As the title implies, Mary Poppins Returns is a sequel. It is so slavish to the original Mary Poppins from 54 years ago that it might as well be a remake. And, sadly, it’s not a particularly good one.
The story picks up around 20 years after the events of Mary Poppins. The Banks children, Michael (Ben Wishaw) and Jane (Emily Mortimer), have grown up, with Michael having three kids of his own. Recently widowed, a depressed Michael finds himself in serious financial difficulties which threaten the childhood home he and his family still live in. In pops Mary (now played by Emily Blunt), the magical nanny, gliding in on a kite to save the day. With the help of a lamplighter, Jack (Lin Manuel-Miranda), she sings and dances her way to setting things right…
…supposedly.

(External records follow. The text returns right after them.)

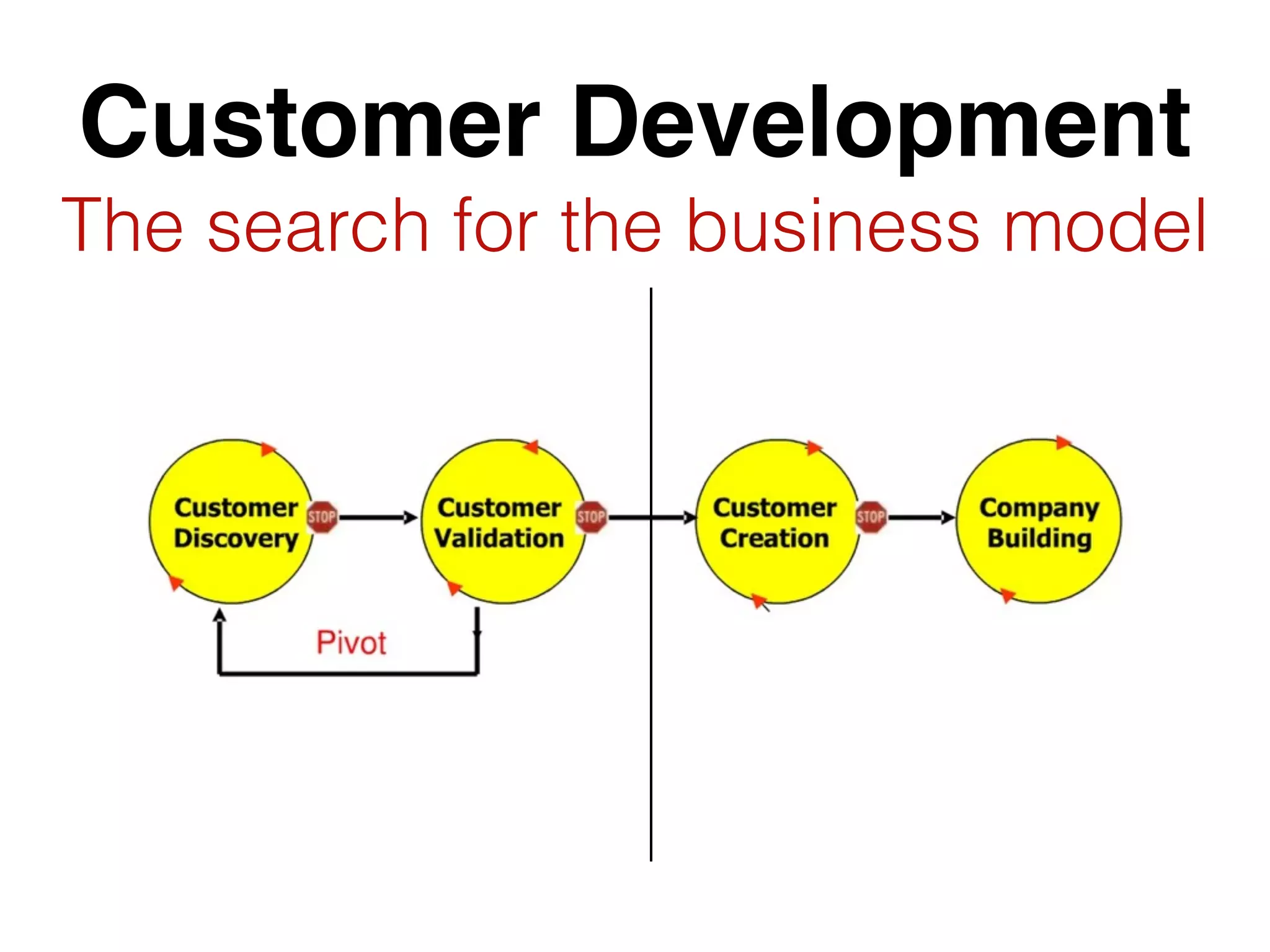 Customer Development
The search for the business model
 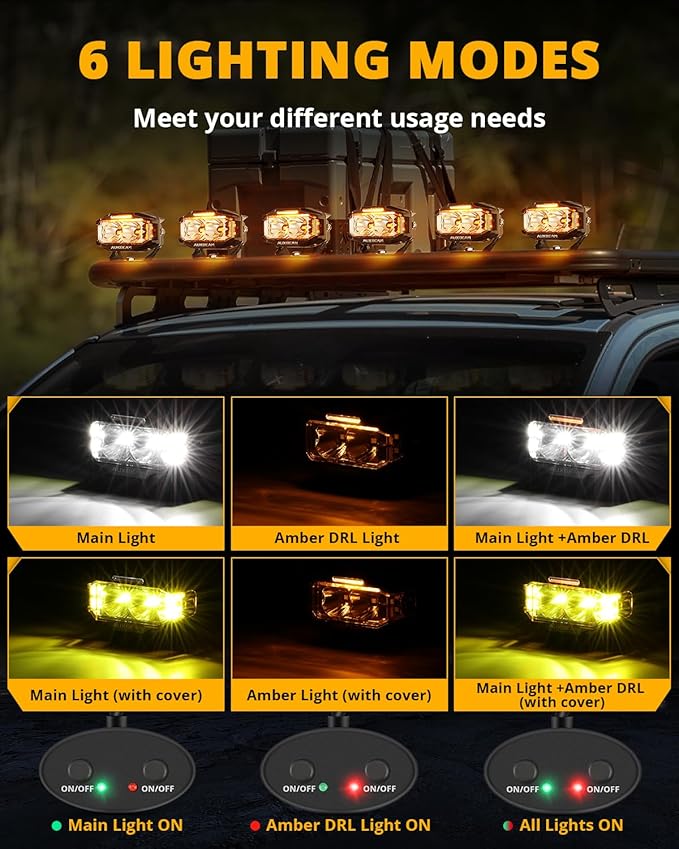 Auxbeam V-MAX Series 4 Inch LED Pod Driving Lights, 72W Rectangle Side Shooter - Image 3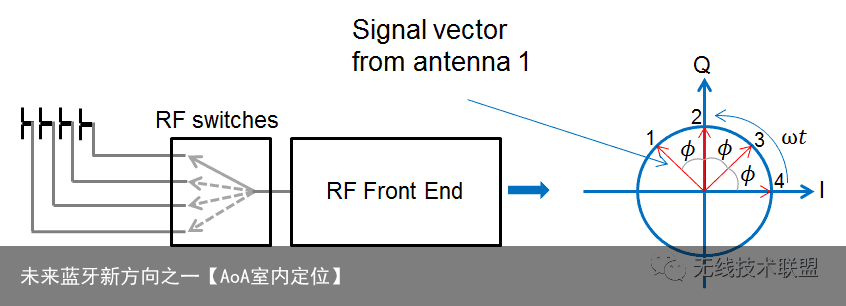 未来蓝牙新方向之一【AoA室内定位】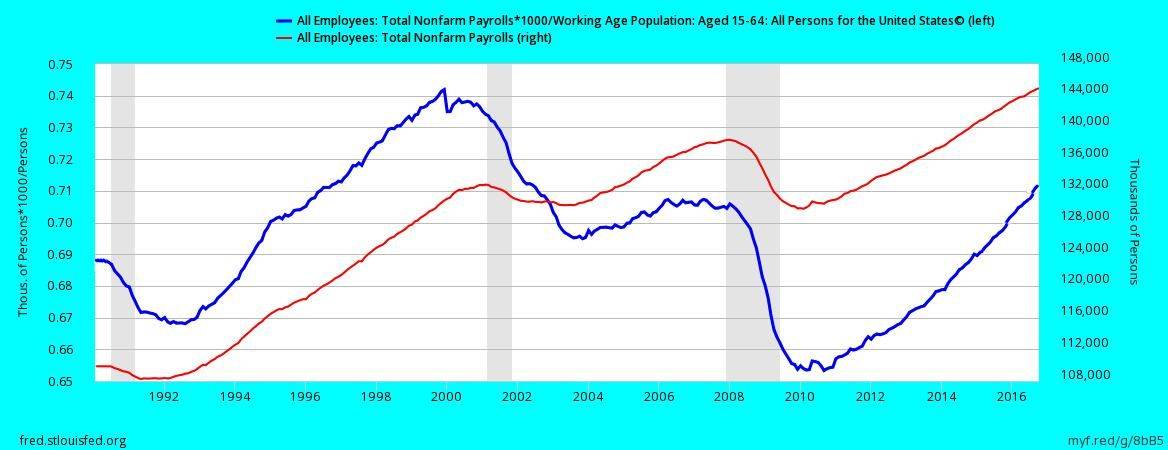 jobs-work-age-jpg.96853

The movie’s problems begin with that plot. It doesn’t come up with a good enough reason to bring Mary back. The Banks family’s emotional issues can only be solved with time. They need to grieve. The money stuff? Poppins has never been about money, and she doesn’t do anything particularly useful in respects to that anyway. Mary Poppins’ return, simply isn’t necessary, and neither is Mary Poppins Returns.

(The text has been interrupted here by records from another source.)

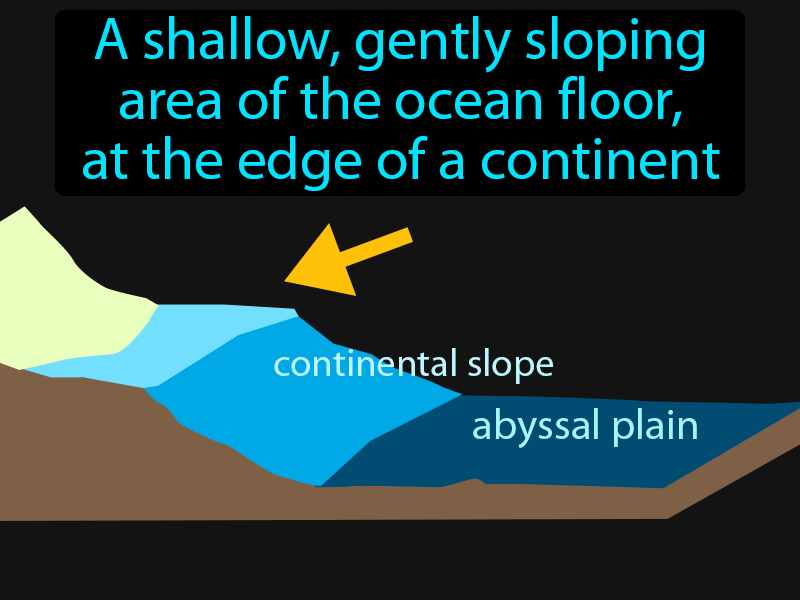 Continental Shelf Definition with no text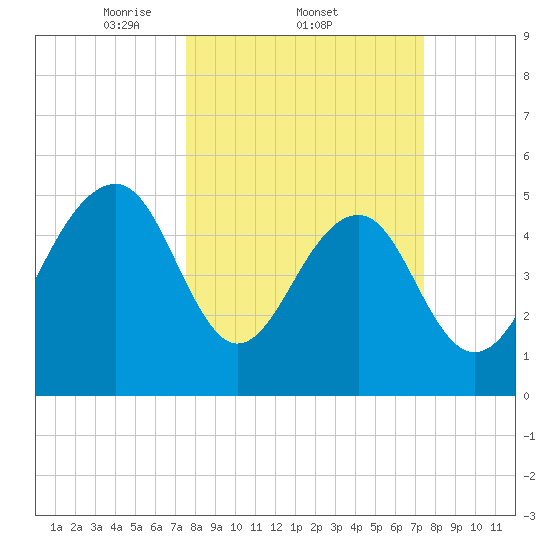 Ho-Non-Wah tide chart for Thursday, March 12, 2026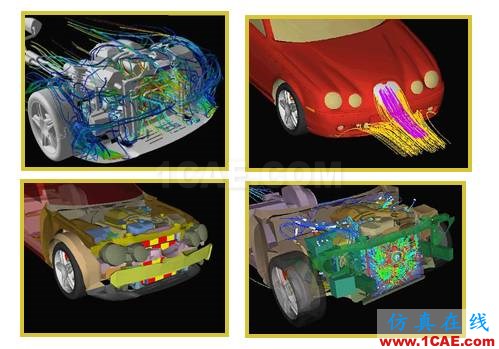 ANSYS CFD在汽车发动机舱热管理领域的应用fluent流体分析图片4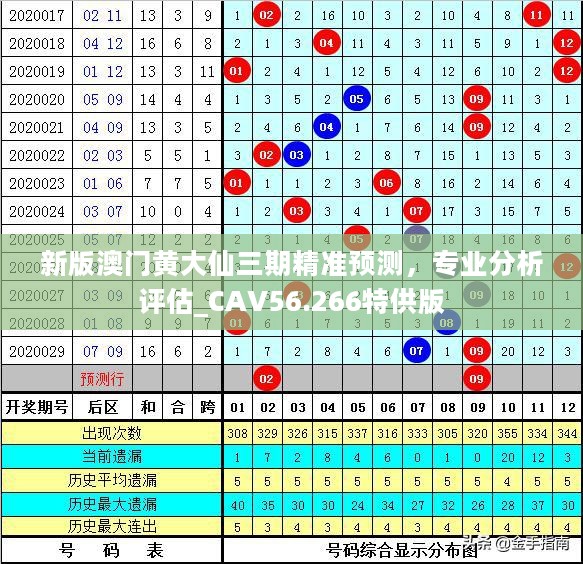 新澳门黄大仙三期必出挂牌,可靠执行策略,粉丝版16.71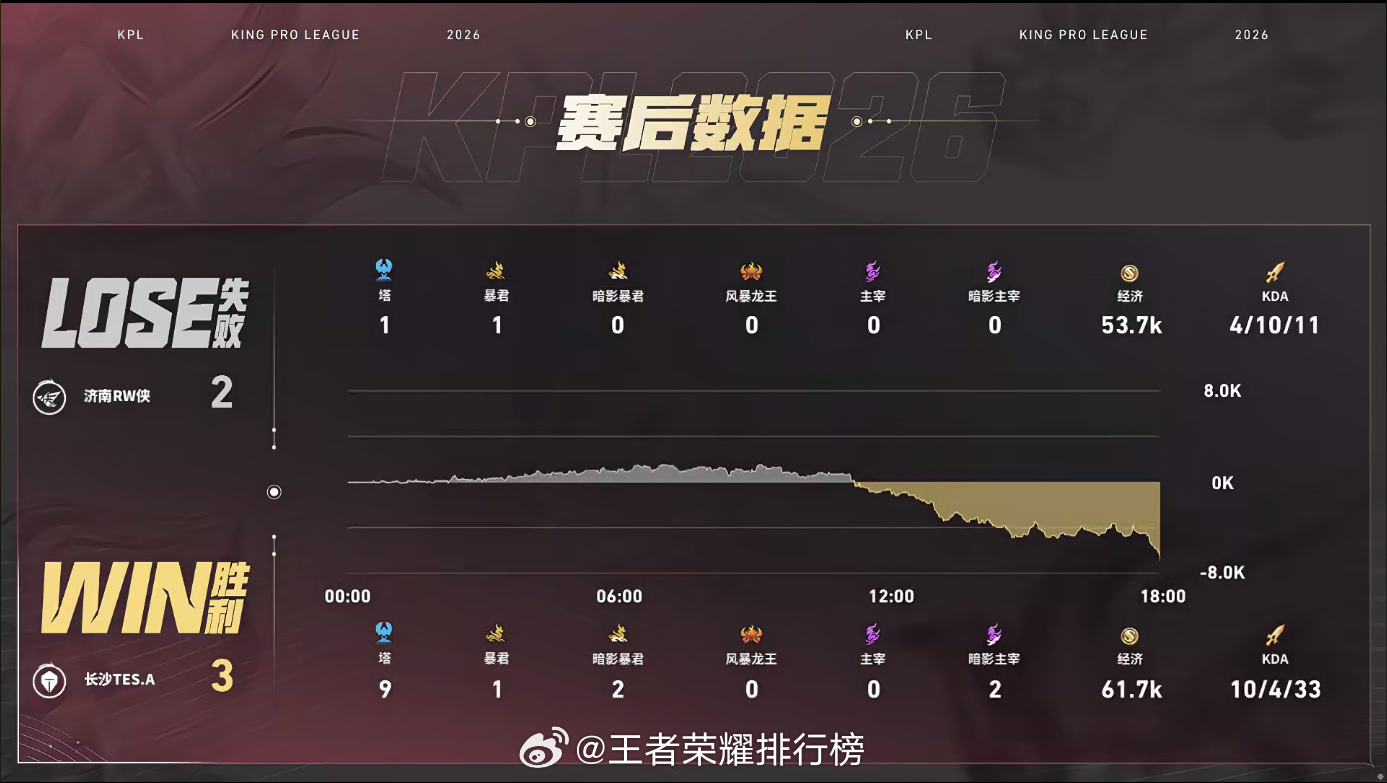 书源夏季赛三连MVPTES战胜RW决胜局书源镜全程统治，杨戬、公孙离、镜三英雄全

But return she does because the Walt Disney corporation wants to bleed every last drop from every franchise it owns, resulting in this copy. Everything here is an approximation of a scene, a theme, a moment from the original. Mary and the gang spent a good portion of the first film in an animated universe surrounded by wonderfully drawn anthropomorphic characters, so of course, that’s repeated here. Except it leads to a noisy and completely pointless chase sequence. Originally, Mary was joined by Bert, a jovial chimney sweep, culminating in a still amazing dance sequence on London’s rooftops. Here she’s joined by Jack, who eventually does an extended number with his fellow lamplighters in an underground park. How that’s supposed to top dancing on the rooftops of London is anyone’s guess.

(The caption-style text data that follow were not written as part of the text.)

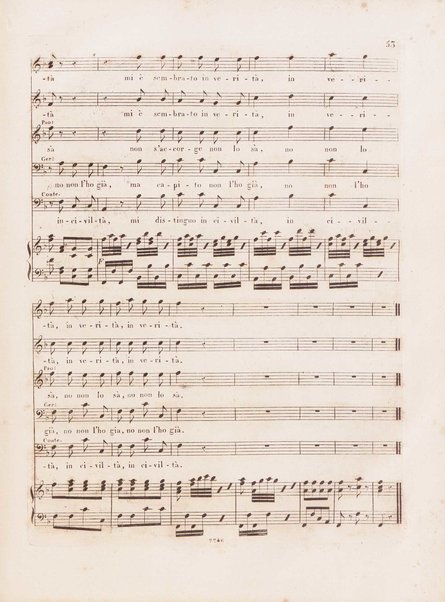 Il matrimonio secreto : opera buffa / del maestro Cimarosa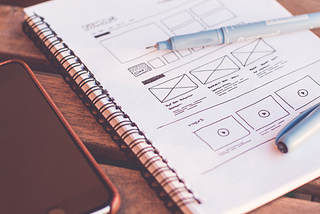 Wireframe and the need for MVP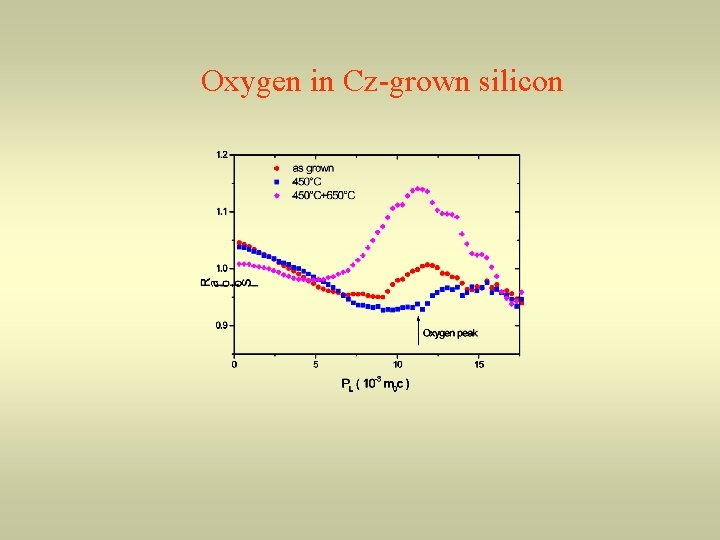 Oxygen in Cz-grown silicon 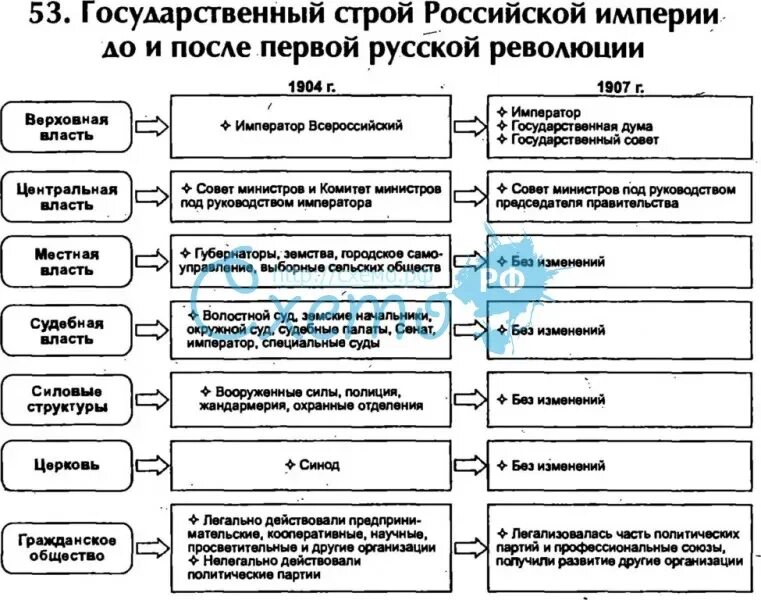 Государственный Строй в России в начале 20 века таблица. Государственный Строй в России до 1905 года. Революции Российской империи таблица. Государственный Строй Российской империи. Изменение политического строя в россии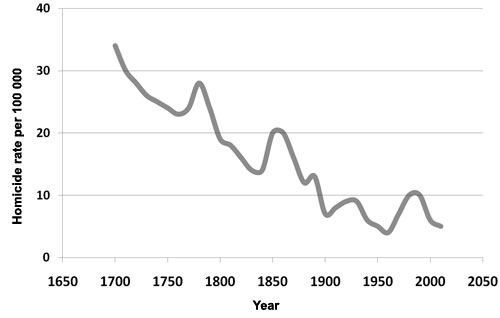 Les homicides en Amérique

Mary Poppins Returns is so obsessed with redoing everything that came before it.
They even have New York-born Lin-Manuel Miranda doing a phony English accent just like Dick Van Dyke’s Bert, except Miranda’s isn’t particularly charming. When they do take detours, it’s in ill-advised ways. That animated sequence mentioned in the top of the paragraph kicks off with a musical number in which Mary Poppins appears dressed as a cabaret singer, singing a song filled with double entendres and innuendos. What were they thinking?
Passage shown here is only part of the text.